■ Dataset entries
§ §
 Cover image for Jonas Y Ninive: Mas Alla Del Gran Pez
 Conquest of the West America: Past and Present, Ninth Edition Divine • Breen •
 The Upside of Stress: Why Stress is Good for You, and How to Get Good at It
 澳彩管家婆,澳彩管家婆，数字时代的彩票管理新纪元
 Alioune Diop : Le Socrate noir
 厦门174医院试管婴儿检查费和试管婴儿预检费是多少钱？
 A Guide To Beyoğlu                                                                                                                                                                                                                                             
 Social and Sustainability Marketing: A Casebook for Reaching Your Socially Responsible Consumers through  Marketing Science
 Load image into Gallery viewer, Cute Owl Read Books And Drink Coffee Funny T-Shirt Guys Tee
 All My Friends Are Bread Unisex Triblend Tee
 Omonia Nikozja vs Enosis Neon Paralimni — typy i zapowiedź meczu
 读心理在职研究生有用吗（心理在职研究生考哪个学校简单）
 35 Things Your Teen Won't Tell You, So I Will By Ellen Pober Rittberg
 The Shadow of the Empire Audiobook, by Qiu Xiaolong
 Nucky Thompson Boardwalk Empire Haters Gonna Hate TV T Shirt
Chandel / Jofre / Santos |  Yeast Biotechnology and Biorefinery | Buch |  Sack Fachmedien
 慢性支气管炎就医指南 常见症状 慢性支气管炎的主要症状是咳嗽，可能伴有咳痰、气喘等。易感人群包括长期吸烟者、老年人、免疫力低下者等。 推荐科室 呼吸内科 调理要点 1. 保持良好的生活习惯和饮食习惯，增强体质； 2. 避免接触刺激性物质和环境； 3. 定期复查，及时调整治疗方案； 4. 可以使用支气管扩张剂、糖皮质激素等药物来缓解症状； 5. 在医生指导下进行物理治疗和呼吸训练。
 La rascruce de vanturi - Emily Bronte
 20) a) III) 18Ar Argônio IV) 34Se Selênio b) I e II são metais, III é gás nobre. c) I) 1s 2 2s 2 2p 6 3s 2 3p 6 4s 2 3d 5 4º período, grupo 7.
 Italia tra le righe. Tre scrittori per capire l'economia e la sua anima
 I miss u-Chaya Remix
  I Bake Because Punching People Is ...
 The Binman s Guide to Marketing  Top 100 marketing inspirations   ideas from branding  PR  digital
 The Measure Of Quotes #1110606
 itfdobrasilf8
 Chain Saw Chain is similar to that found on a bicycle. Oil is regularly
§ §
■ What needs to be done
Reproduce, exactly as they stand in the data above, the lines from the one that holds "Alioune Diop : Le Socrate noir" to the one that holds "厦门174医院试管婴儿检查费和试管婴儿预检费是多少钱？", inclusive.

■ Answer for the task
 Alioune Diop : Le Socrate noir
 厦门174医院试管婴儿检查费和试管婴儿预检费是多少钱？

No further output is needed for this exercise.